AliceM, un projet controversé
Lancée en janvier 2018, une mission interministérielle chargée de conduire un programme d’identité numérique, prévoyait "l’ouverture de ce nouveau service rendu au public à la rentrée 2019". AliceM, présentée par le Ministère de l'Intérieur comme "la première solution d’identité numérique régalienne sécurisée" est déjà controversée et ne répond pas à toutes les attentes (nécessité de disposer d'un smartphone - pour l'instant Android, d'accepter la reconnaissance faciale par un algorithme biométrique, d'avoir un passeport biométrique).
Trois axes clé
Pour rappel, la carte estonienne est utilisable en ligne mais aussi au guichet, où le citoyen s’identifie avec un code, comme avec une carte de crédit, ce qui explique qu’elle est adoptée par 99% de la population (y compris hors des transactions Internet).
Il "suffirait" pourtant de prendre trois décisions structurantes pour que notre pays, qui compte par ailleurs des entreprises leaders au niveau mondial dans l’identité et la confiance numérique, retrouve rapidement son rang :
- obligation d’une identité numérique à forte valeur probante pour les Français et résidents, facteur majeur de simplification et de lutte contre la fraude ;
- interdiction faite à toute administration ou collectivité de demander au citoyen des informations qu’il a déjà fournies (clause à insérer dans toutes les commandes publiques d’applications) ;
- déploiement d’une plate-forme nationale d’échanges sécurisés, ouverte aux administrations, collectivités et entreprises, avec une architecture vertueuse ne doublonnant pas les données à caractère personnel et respectant donc le RGPD.

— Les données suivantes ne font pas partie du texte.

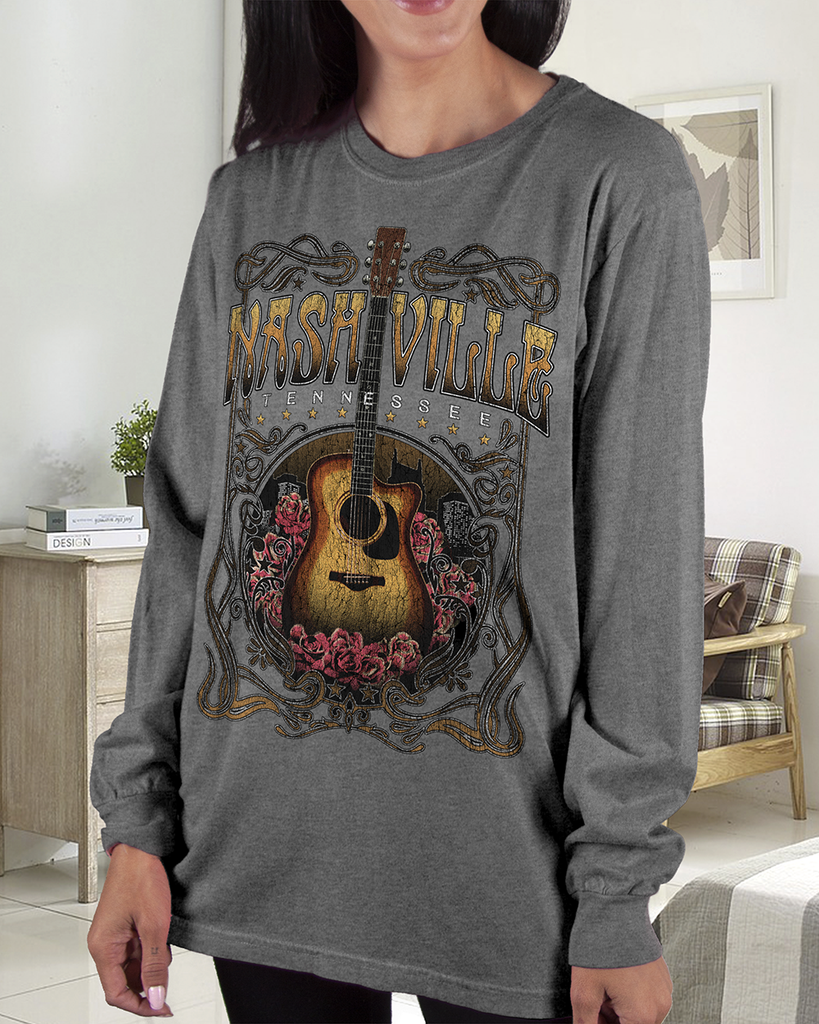 Girlie Girl Originals 'Country Roads' Long Sleeve T-Shirt - Sport Grey, Red Print, Medium, 90% Cotton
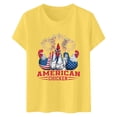 thumbnail image 3 of Tshirts Shirts for Women Independence Day Printed Short Sleeve Crew Neck Refreshing Breathable Resistant Daily Yellow T-Shirts Sizes XL, 3 of 3
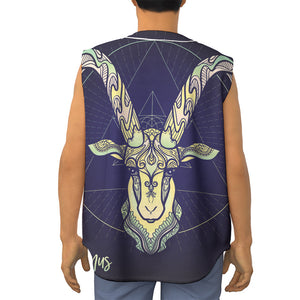 Astrological Capricorn Sign Print Sleeveless Baseball Jersey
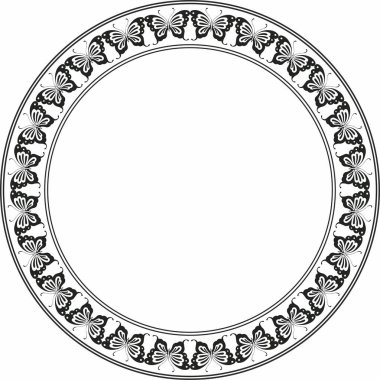 Kelebeklerden oluşan tek renkli bir çerçeve. Klasik böcek çemberi. Kum temizleme, entrikacı ve lazer kesme için uygun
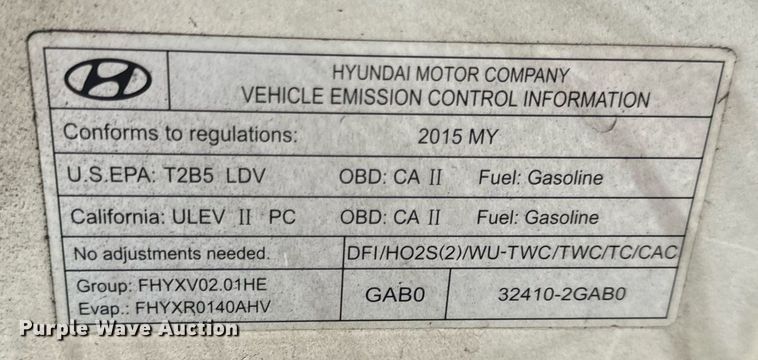 image for item EH7344 2015 Hyundai Sonata Sport 2.0T Limited 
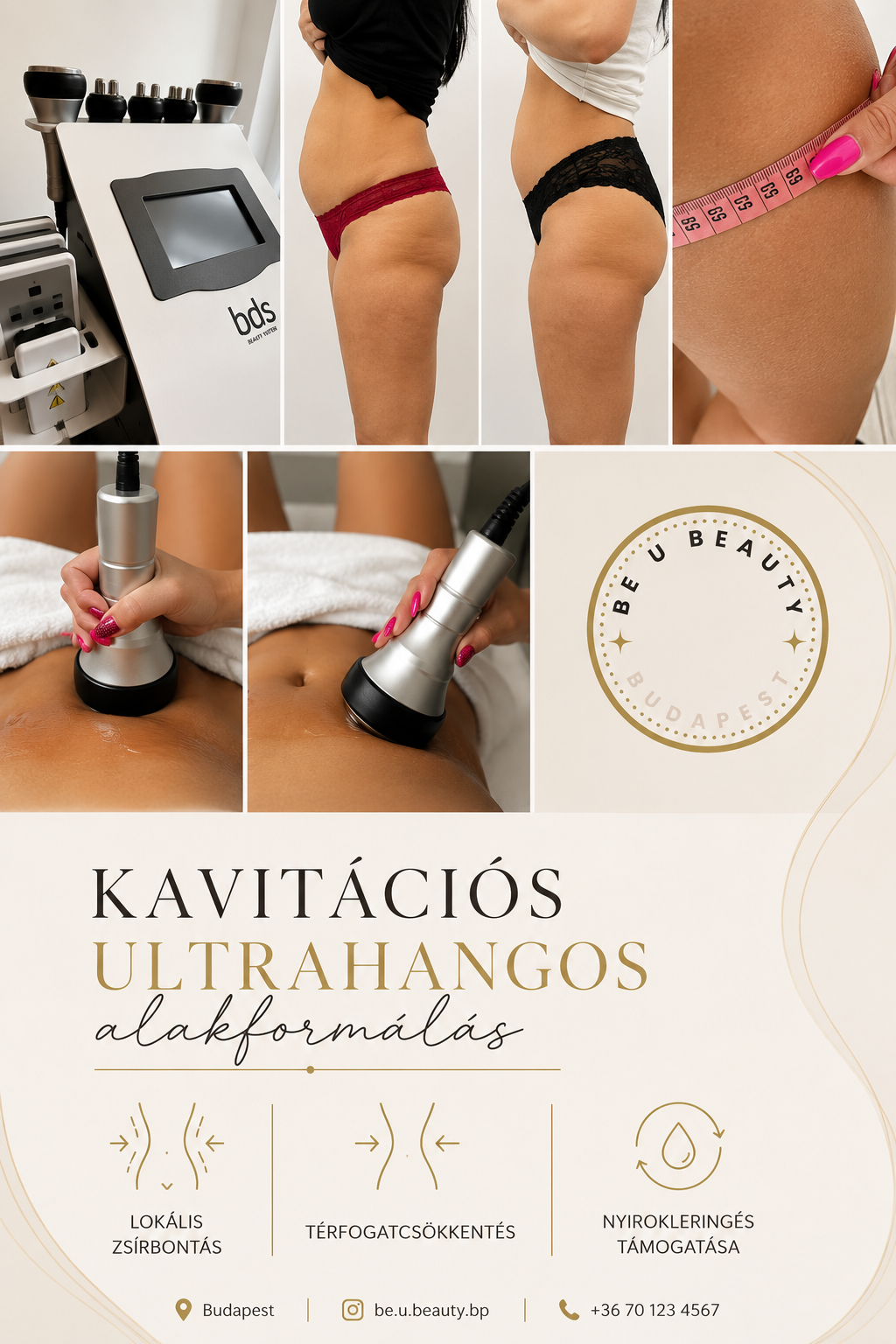 Be U Beauty kavitációs kezelés folyamat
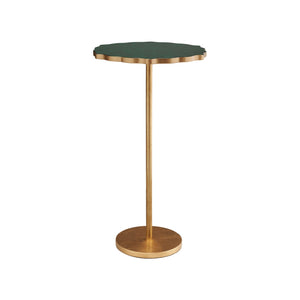 Chelsea House Malachite Side Table With Antique Gold Iron Base, Hand-Painted Lacquer Top, Compact Accent Table 382218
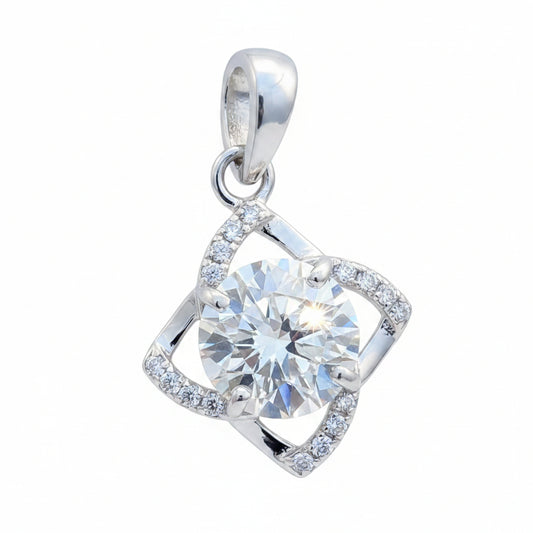 3.70 ct DEW F VS1 White Moissanite Pendant in – Elegant Anniversary Gift 18K Gold Plate 18K Gold Plated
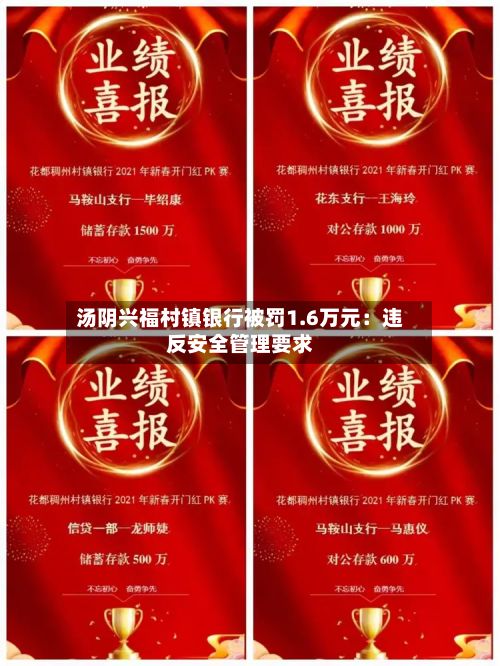 汤阴兴福村镇银行被罚1.6万元:违反安全管理要求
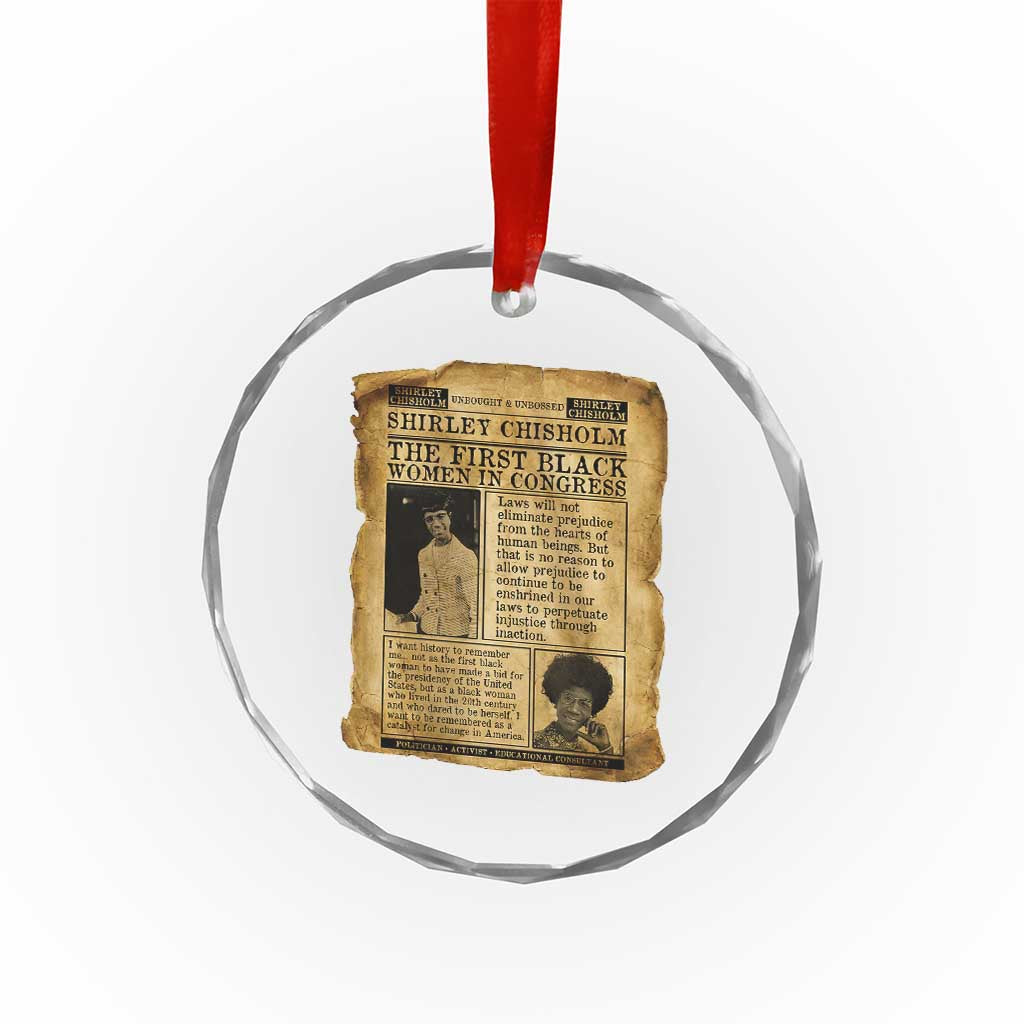 Vintage Newspaper Shirley Chisholm Crystal Glass Ornament First Black Woman In Congress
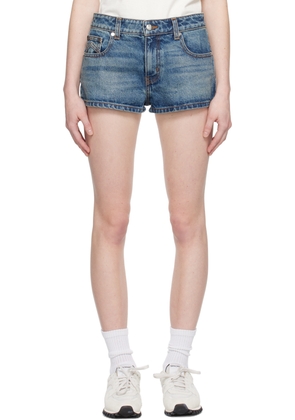 Rhude SSENSE Exclusive Blue Low-Waist Denim Shorts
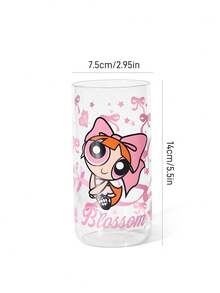 THE POWERPUFF GIRLS X SHEIN 1個 19.60oz/580ml L號可愛卡通圖案印花硼矽玻璃杯，耐冷耐熱，適用於牛奶、果汁、咖啡、氣泡水等，草莓、蝴蝶結、貓咪圖案 - 無色 - 查看 6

Simultanément, afin de prendre en compte le cas de tous les français peu à l’aise avec le numérique ou en situation difficile, dans la continuité des actions déjà esquissées, un "service public" d’accompagnement au numérique doit être imaginé (renforcement du Pass numérique, implication des acteurs tels que la Poste et les communes, aide aux associations spécialisées, …) créant ainsi des emplois non délocalisables.
Ces annonces doivent être portées au plus haut niveau en remettant en perspective notre souveraineté numérique. Si les démocraties européennes ne gèrent pas l’identité numérique de leurs citoyens, les GAFAM et BATX sauront s’en charger.